Work request. When you reach the line containing "negozio in vendita a Salerno in zona Pastena", begin reproducing the material exactly, stop after the line containing "-六六奢品·vintage中古·回收二手奢侈品包包手表首饰(环球港店)", and leave out any pictures along the way.

BEGIN Provided records

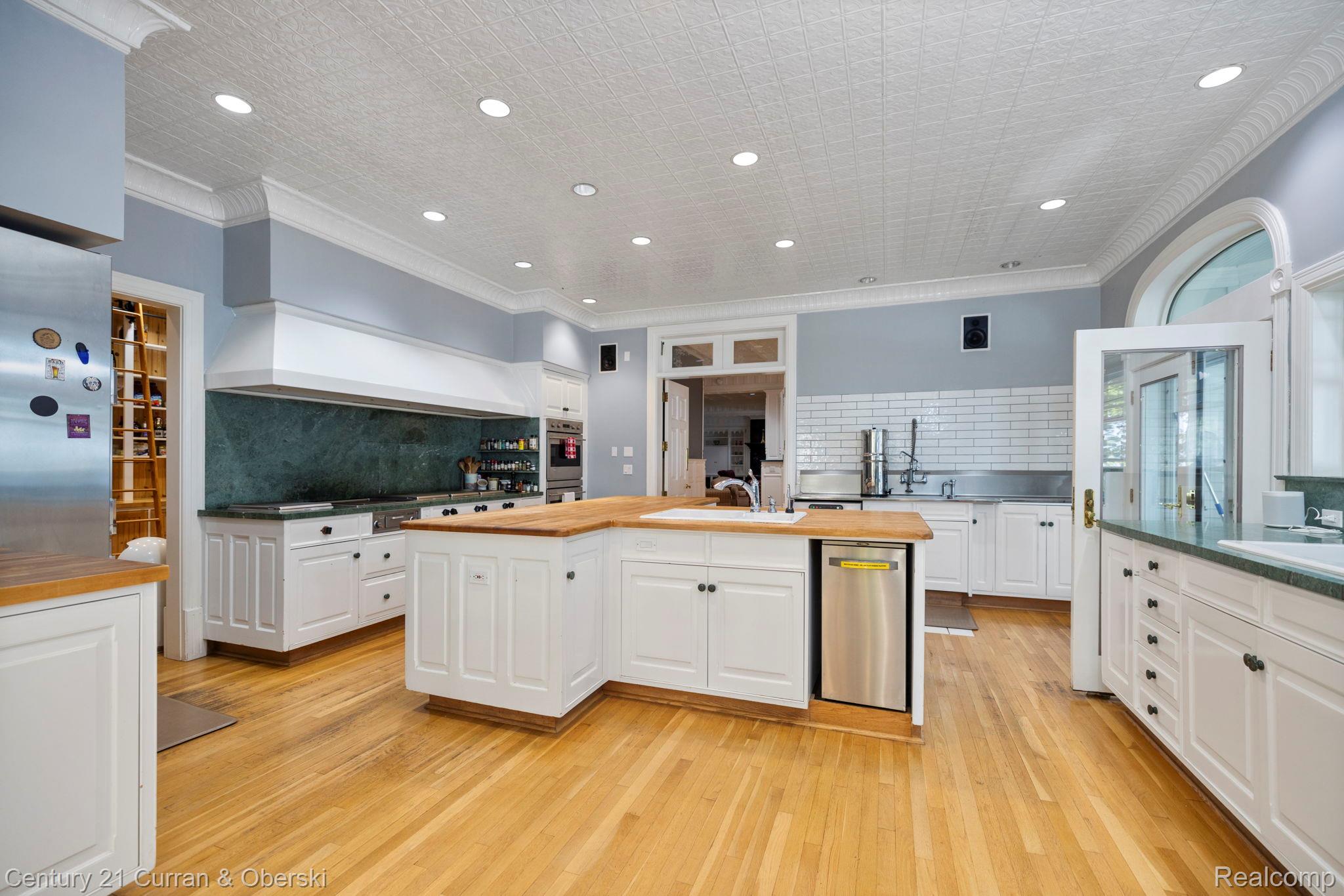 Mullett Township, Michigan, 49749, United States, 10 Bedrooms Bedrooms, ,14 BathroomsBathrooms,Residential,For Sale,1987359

END Provided records
BEGIN Provided records

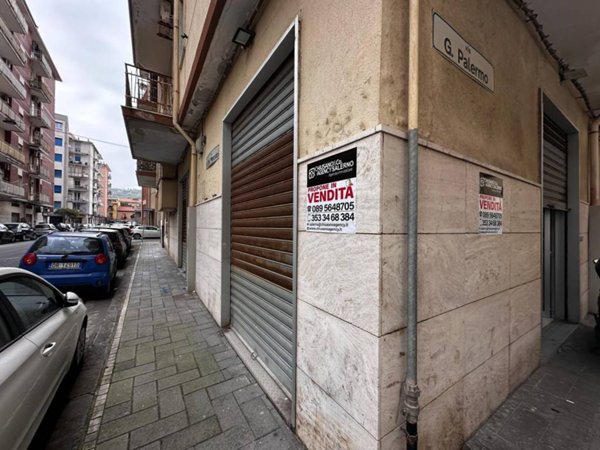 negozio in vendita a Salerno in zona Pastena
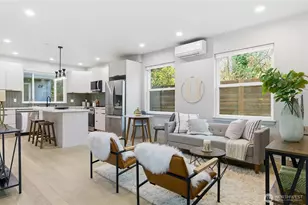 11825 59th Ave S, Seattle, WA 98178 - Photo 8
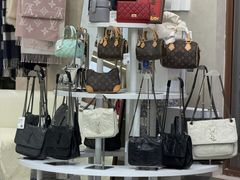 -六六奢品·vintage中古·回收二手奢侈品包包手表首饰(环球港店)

END Provided records

Exercise answer.
 negozio in vendita a Salerno in zona Pastena
 11825 59th Ave S, Seattle, WA 98178 - Photo 8
 -六六奢品·vintage中古·回收二手奢侈品包包手表首饰(环球港店)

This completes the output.